O'Neill: Wir erleben gerade einen sehr ernsten Test des weltweiten Finanzsystems. Deshalb sollten einige Zentralbanken endlich mit dem Unsinn aufhören, zu zögerlich vorzugehen oder gar nichts zu machen - aus Angst, die Marktteilnehmer könnten dem Glauben verfallen, die Notenbanken würden sie aus jeder Situation retten. Klar kann so etwas Investoren in ihrer Vollkasko-Mentalität bestärken. Doch der Job der Zentralbanker ist es, für finanzielle Stabilität zu sorgen. Die EZB hat das erkannt, während Amerikaner und Engländer mit ihren sich widersprechenden Erklärungen für Verunsicherung gesorgt haben.
SPIEGEL: Können Sie das belegen?
O'Neill: Ich kann Ihnen zumindest ein Beispiel nennen: Am 7. August hat der Chef einer großen amerikanischen Hypothekenbank erklärt, die ganze Branche befinde sich in einer Depression. Am selben Abend erklärt die US-Notenbank, die Fed, man sei besorgt über die Inflation. Ich war schockiert. Das Statement hat die Leute erschreckt. Wir dachten alle: Worüber reden die? Acht Arbeitstage später senkte die Fed plötzlich die Zinsen um 50 Basispunkte - und gab damit zu, dass sie einen Riesenfehler gemacht hat. Und damit
war das Hin und Her noch lange nicht beendet.

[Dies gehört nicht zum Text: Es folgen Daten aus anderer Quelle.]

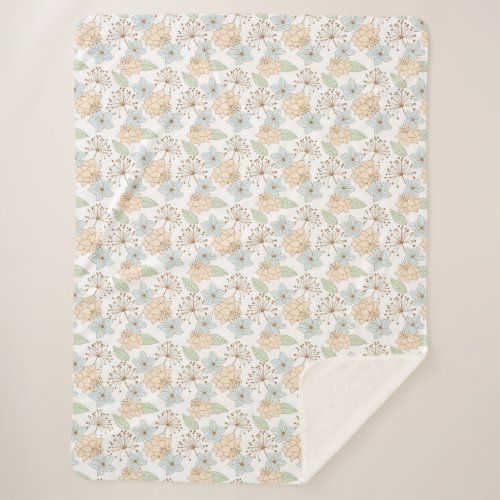 spring flower blanket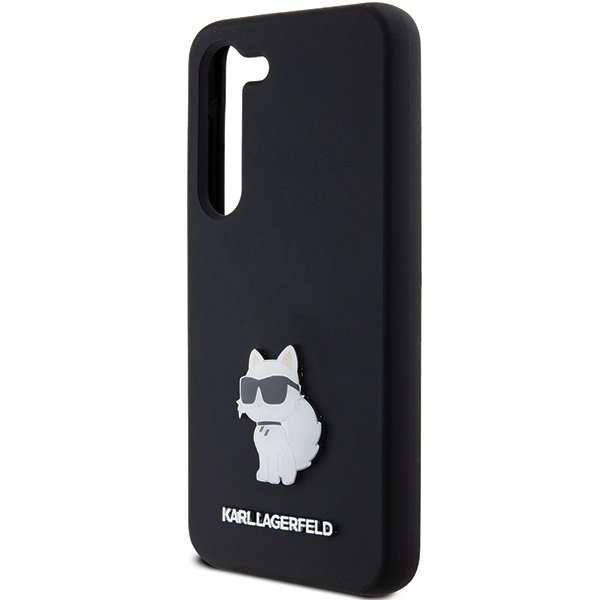 Karl Lagerfeld KLHCS23SSMHCNPK S23 S911 czarny/black hardcase Silicone Choupette Metal Pin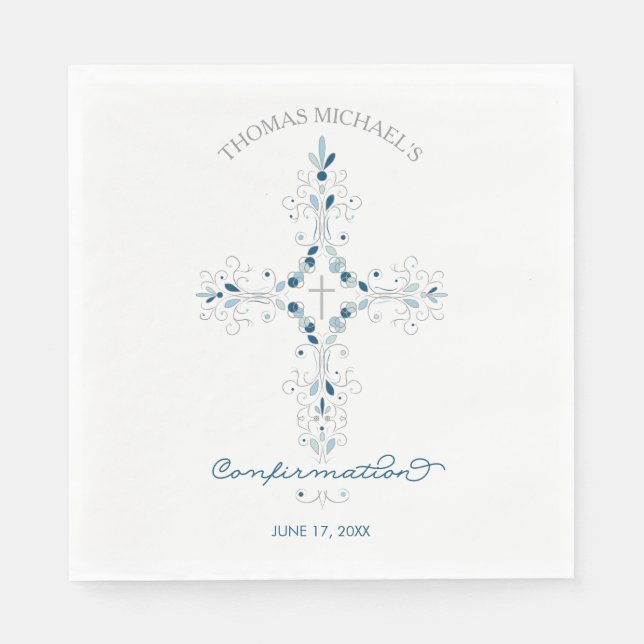 Serviette En Papier Serviettes papier de confirmation - Serviette pers (Devant)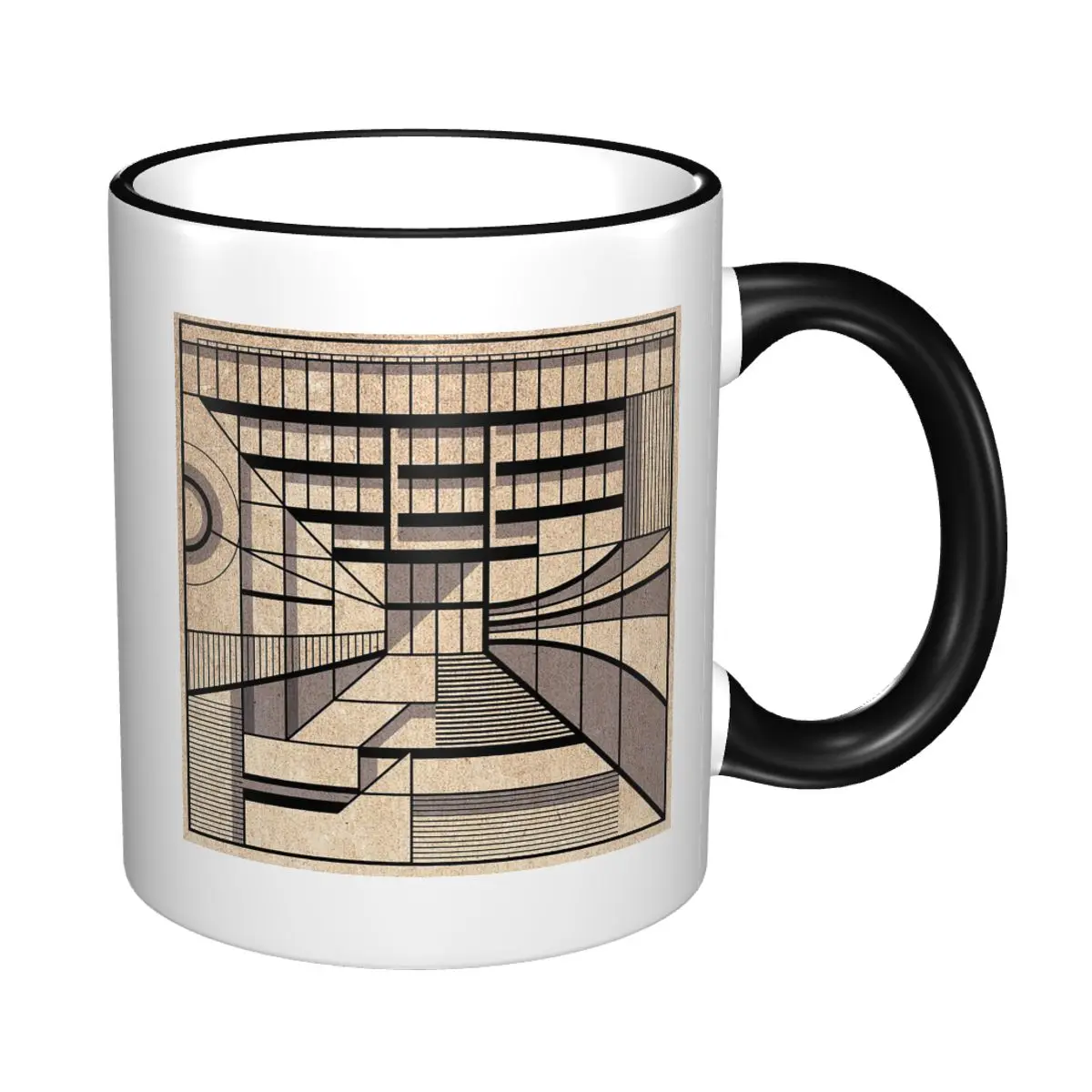Birmingham Central Library Mug Funny Ceramic Coffee Cups Tea Mugs Milk Cup Drinkware Gift for Woman Man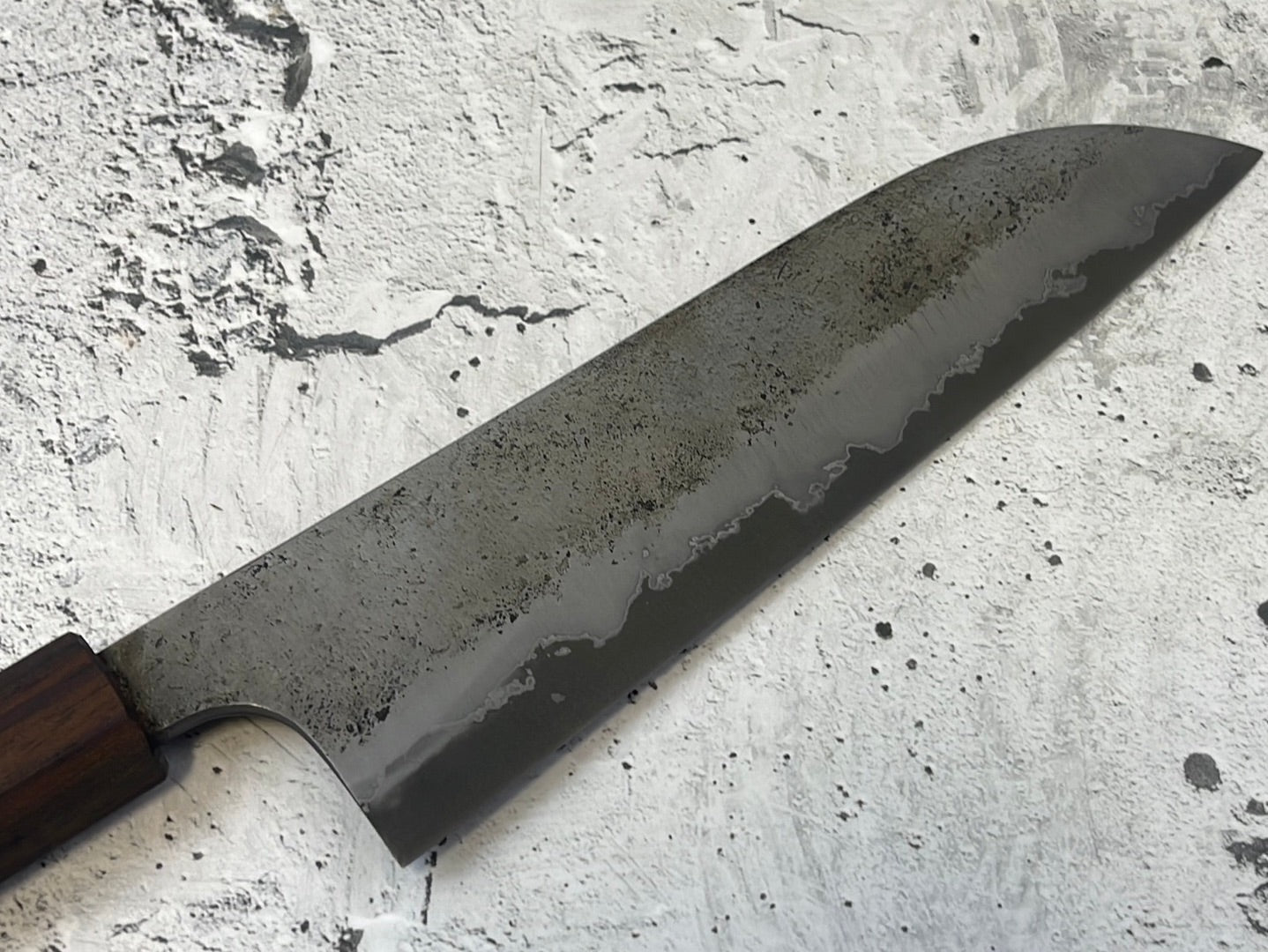 SanMai Santoku 180mm Nashiji Etched, Jatiwood & Rosewood Handle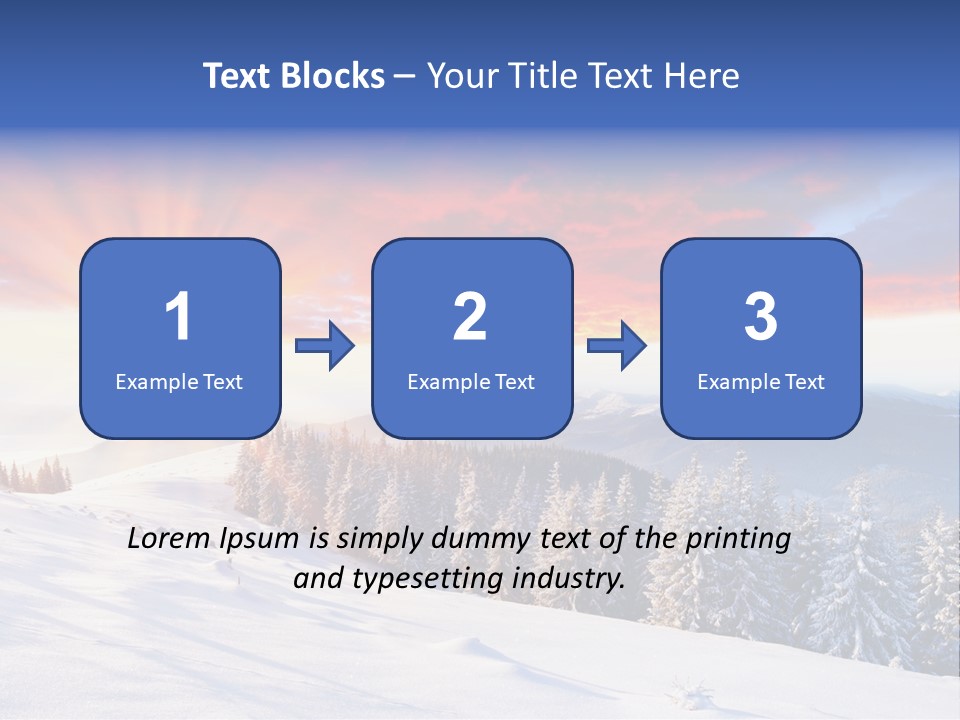 Winter Sunset PowerPoint Template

SPIEGEL: Das klingt so, als hielten Sie den amerikanischen Notenbankpräsidenten Ben Bernanke für überfordert.
O'Neill: Anders als sein Vorgänger Alan Greenspan versucht Bernanke, einen Konsens hinzukriegen. Das kann man bewundern, aber ich glaube, es ist die falsche Zeit, so etwas auszuprobieren. In diesen Dingen bekommt man keinen Konsens hin. Jetzt braucht man Führung, so, wie es Jean-Claude Trichet bei der EZB vorgemacht hat.
SPIEGEL: Sie erwecken den Eindruck, als seien die Finanzmärkte im Moment vollständig von den Zentralbanken abhängig.
O'Neill: In einer echten Kreditkrise wie zurzeit sind sie das auch.
SPIEGEL: Indem sie immer neues Geld in den Markt pumpen, verhindern die Zentralbanken allerdings auch das reinigende Gewitter, das ähnliche Krisen in der Zukunft womöglich verhindern könnte.
O'Neill: Vergessen Sie's! Das haben schon die Japaner in den neunziger Jahren vergebens versucht. Die japanische Notenbank, die Bank von Japan, hat damals dem Markt Geld entzogen, weil sie der Meinung war, die gewaltige Immobilienblase sei eine Folge von zu viel Spekulation. Am Ende hat sie Japan damit in eine Depression getrieben.
SPIEGEL: Ist die damalige Situation mit der heutigen vergleichbar?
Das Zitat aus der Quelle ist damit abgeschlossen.